Configuring a Query Step
This topic provides guidance on configuring a Query Step that you can use for creating, cleaning, conforming, or transforming the data in a Data Layer. The sections below describe each of the tabs and configuration options that are available when you create or edit a Query Step.
Details
The Details tab includes options such as the name of the Step, the source data to act upon, and the Data Model to use with the query.
Title
The required name of the Step.
Description
And optional description of the Step.
Enabled
When creating a new Step, the Enabled option is selected by default, indicating that the Step is enabled and will run when the Data Layer is loaded or refreshed. If you want to disable the Step so that it is not processed, clear the Enabled checkbox.
Source
The Source is the source data that this Step should act upon. Steps can build upon the data generated by Steps in other Data Layers or can be self-contained, applying changes that relate only to the data defined in the Layer that contains this Step. You can select any number of the following options:
- Self: This option is selected by default and means that the Query runs against only the data that is generated in the Layer this Step belongs to.
- All Previous Layers Within Graphmart: This option means that the Query runs against the data that is generated by all of the successful Layers in the Graphmart that precede the Layer this step is in. Any failed Layers are ignored.
- Previous Layer Within Graphmart: This option means that the Query runs against only the data that is generated by the one Layer that precedes the Layer this Step is in.

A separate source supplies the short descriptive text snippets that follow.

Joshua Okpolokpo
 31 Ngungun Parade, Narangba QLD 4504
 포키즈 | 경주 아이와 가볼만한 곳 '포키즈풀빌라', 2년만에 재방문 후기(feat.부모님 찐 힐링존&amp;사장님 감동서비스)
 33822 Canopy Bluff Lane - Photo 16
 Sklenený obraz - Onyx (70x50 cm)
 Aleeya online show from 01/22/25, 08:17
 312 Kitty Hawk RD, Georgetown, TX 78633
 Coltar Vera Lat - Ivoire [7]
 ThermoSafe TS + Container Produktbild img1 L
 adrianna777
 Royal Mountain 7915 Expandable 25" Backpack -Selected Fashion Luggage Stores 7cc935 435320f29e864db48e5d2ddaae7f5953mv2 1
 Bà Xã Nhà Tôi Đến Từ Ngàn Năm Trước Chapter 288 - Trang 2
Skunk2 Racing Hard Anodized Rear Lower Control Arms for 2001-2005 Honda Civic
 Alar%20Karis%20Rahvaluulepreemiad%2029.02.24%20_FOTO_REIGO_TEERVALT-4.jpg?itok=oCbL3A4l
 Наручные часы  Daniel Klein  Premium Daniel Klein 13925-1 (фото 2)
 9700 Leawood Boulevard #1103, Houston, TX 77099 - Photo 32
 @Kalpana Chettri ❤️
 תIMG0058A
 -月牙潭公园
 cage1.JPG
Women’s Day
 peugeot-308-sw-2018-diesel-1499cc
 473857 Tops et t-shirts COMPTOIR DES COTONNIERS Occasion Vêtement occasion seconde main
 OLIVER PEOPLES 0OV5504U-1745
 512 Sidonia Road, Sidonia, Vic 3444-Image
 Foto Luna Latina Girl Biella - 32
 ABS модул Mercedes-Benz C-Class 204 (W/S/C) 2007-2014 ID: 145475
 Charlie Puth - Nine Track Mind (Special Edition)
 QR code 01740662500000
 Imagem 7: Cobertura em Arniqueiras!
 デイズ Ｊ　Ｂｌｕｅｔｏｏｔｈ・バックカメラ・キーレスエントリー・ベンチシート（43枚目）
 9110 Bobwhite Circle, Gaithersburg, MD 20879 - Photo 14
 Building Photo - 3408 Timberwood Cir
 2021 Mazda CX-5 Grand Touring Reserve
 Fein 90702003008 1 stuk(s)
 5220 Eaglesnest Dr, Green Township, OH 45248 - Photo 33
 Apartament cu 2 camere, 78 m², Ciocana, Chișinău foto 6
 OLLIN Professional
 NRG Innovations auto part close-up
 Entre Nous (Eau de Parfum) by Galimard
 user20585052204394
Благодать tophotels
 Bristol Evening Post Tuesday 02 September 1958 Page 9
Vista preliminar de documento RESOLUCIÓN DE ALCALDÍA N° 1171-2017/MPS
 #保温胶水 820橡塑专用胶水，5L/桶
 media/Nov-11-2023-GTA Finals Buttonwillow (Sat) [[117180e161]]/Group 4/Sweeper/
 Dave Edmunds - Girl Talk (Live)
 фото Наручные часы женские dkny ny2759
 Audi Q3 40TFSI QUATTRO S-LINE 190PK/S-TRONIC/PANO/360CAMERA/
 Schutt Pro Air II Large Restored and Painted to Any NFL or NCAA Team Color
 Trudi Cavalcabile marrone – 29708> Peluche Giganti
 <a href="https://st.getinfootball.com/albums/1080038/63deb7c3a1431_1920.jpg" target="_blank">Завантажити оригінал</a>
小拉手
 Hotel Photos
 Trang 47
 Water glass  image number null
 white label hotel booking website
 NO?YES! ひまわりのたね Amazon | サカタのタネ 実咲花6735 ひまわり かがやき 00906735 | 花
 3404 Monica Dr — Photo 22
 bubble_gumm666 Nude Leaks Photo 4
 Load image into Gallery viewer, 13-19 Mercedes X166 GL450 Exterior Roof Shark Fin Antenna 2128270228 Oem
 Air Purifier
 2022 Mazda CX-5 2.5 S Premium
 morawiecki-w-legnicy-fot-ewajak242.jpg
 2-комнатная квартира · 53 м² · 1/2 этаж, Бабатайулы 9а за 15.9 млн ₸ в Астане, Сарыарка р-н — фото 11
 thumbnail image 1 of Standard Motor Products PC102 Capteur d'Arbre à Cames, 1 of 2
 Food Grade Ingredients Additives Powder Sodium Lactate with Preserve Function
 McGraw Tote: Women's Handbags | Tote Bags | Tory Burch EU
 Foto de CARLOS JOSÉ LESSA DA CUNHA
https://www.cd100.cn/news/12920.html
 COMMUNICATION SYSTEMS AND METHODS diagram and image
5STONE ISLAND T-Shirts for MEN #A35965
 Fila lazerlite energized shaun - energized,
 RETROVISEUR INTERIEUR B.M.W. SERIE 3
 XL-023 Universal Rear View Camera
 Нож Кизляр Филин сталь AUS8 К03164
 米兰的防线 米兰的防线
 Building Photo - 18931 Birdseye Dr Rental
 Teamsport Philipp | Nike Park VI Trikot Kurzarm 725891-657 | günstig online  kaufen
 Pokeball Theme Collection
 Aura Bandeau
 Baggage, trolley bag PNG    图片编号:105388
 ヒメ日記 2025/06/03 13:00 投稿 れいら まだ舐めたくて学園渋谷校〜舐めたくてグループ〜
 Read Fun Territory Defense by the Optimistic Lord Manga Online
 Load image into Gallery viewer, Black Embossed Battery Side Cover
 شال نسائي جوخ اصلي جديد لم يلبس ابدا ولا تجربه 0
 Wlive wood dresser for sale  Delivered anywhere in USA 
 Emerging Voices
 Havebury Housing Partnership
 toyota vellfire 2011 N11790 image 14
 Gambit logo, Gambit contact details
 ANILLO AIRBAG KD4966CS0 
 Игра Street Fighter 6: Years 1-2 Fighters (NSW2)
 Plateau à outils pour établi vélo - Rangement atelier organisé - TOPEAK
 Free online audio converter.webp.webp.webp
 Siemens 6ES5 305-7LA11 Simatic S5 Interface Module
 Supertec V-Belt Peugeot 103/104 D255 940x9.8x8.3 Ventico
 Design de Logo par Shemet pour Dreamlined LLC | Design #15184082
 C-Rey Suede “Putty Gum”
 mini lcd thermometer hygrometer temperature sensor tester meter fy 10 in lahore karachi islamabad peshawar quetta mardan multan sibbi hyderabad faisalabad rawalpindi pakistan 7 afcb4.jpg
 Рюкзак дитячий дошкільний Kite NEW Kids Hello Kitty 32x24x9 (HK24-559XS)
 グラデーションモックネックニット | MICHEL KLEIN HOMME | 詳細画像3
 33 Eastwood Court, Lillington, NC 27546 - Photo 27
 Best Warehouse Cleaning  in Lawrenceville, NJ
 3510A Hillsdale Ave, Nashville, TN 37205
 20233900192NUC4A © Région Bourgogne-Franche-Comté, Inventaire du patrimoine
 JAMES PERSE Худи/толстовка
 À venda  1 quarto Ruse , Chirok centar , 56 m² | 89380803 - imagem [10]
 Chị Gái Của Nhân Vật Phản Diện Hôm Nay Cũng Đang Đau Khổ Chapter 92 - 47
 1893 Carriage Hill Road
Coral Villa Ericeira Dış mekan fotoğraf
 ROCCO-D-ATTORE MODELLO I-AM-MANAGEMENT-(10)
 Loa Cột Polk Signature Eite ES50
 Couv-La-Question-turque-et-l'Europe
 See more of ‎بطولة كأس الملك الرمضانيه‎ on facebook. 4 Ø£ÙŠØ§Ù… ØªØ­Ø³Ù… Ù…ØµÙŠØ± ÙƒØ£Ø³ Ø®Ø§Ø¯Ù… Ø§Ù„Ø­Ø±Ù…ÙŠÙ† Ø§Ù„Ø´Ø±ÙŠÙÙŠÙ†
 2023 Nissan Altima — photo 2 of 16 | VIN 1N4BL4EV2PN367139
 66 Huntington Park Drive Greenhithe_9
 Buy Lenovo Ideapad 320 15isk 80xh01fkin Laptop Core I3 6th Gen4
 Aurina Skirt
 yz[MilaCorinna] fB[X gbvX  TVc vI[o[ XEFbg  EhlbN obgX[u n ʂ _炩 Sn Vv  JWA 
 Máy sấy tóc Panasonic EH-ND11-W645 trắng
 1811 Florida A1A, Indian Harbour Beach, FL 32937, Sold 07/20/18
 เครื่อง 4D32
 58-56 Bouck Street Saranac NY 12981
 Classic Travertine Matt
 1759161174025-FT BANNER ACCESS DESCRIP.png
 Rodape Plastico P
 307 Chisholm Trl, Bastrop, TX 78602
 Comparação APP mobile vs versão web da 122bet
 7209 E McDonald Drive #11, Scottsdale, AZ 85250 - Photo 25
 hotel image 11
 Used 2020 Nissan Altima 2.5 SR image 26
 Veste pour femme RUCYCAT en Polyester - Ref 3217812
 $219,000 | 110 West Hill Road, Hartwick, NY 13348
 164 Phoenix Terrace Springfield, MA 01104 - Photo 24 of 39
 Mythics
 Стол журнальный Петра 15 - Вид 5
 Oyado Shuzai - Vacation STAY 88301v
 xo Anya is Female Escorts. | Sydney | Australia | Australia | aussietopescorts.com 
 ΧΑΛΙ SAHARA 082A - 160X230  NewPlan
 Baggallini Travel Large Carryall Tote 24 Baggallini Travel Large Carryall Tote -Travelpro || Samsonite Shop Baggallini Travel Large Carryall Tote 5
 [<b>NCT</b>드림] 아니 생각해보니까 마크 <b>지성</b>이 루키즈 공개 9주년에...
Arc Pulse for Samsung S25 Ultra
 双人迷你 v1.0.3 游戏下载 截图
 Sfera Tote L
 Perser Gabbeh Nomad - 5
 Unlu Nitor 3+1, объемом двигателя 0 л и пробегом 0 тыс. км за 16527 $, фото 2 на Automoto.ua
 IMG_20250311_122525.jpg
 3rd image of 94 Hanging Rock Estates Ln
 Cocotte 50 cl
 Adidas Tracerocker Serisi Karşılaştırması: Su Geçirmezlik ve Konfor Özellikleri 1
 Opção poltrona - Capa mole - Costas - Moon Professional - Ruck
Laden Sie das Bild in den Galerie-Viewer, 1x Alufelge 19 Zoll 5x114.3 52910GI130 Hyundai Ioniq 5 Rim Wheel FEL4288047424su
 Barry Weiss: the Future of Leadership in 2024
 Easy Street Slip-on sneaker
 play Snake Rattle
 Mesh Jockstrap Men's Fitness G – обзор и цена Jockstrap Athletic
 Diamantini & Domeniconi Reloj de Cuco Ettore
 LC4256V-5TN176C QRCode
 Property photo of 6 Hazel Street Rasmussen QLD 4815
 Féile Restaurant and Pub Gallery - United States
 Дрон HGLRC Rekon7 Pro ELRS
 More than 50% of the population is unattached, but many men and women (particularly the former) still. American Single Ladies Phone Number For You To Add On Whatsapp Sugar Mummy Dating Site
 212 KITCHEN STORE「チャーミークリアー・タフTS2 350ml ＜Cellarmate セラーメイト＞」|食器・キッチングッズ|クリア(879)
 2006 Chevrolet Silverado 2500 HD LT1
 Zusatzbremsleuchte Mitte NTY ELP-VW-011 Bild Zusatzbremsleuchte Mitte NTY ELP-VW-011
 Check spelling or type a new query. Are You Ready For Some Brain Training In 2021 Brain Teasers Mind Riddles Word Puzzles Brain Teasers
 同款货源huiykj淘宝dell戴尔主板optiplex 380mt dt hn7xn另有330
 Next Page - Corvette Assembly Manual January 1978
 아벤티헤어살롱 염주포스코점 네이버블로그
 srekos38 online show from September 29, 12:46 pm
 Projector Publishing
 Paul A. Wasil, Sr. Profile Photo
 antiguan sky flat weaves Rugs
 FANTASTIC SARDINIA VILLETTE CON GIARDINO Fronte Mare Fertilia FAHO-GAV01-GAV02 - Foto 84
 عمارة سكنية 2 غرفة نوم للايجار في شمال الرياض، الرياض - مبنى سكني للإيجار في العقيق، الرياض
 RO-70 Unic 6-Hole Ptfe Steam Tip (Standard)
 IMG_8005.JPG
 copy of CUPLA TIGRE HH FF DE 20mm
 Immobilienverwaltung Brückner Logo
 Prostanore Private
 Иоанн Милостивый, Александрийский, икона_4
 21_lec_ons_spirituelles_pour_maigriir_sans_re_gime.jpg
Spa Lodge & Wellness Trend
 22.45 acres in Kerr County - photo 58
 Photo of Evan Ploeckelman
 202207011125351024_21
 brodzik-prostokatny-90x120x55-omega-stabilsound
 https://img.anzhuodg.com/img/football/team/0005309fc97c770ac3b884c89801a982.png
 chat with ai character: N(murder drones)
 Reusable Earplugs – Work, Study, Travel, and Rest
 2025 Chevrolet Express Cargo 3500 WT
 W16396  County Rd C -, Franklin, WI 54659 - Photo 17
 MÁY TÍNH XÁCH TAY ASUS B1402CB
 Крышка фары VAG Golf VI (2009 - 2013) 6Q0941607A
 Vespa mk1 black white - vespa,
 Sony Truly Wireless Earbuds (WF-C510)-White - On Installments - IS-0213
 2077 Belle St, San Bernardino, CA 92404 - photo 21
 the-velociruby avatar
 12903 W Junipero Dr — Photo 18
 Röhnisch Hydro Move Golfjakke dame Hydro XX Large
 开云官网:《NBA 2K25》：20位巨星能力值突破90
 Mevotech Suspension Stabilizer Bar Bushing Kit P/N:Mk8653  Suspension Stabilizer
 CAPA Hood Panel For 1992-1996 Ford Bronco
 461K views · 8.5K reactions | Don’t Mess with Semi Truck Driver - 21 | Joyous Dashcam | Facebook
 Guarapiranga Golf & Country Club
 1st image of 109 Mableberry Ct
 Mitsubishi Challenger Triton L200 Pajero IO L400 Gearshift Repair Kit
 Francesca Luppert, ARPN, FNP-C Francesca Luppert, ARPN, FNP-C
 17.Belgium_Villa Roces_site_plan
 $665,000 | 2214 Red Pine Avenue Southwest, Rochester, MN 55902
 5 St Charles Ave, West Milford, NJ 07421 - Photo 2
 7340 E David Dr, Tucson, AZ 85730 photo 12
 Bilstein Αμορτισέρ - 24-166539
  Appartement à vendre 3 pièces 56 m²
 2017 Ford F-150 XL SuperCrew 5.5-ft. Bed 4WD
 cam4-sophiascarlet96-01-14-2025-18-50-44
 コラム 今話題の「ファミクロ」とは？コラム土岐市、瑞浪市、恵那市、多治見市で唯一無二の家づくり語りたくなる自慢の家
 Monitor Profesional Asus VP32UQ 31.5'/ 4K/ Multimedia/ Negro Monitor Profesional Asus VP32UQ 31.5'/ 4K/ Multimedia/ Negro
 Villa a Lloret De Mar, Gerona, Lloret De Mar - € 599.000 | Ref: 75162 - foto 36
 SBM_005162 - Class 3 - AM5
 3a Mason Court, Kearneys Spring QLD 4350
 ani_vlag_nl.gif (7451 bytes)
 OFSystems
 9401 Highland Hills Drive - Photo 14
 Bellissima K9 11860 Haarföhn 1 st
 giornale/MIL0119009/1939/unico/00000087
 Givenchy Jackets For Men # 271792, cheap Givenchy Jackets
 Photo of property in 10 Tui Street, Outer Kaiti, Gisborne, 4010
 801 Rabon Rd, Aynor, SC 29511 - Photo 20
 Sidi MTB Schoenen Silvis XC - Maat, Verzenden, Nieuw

- Layer Name: The Source drop-down list also includes options for specific Layer names. You can choose a specific Layer to run the Query against that Layer only.
Data Models
This required field specifies the Data Model or Models that you want to create this query template against. The list displays all of the Models for all of the Datasets in the Dataset catalog. By default, the field is set to Exclude System Data (). If you want to choose a system Model, click the toggle button on the right side of the field to change it to Include System Data (). The Data Models drop-down list will display the system Models in addition to the Dataset Models.
Pre-Run Generate Statistics
This option controls whether to initiate AnzoGraph's internal statistics gathering queries before running this Step. The statistics gathering helps ensure that the AnzoGraph query planner generates ideal query execution plans for queries that are run against the Graphmart.
Query
The Query tab contains the query that you want this Step to run.
The template includes the syntax for writing SPARQL INSERT and DELETE queries and includes the target and source graph parameters (${targetGraph}
and ${usingSources}
). Anzo replaces the parameters with the appropriate URIs when the Step runs. Edit the template as needed. You can click the Preview in Query Builder button to open the query in the Query Builder, where you can perform practice runs to see results without having to refresh the Graphmart or Data Layer.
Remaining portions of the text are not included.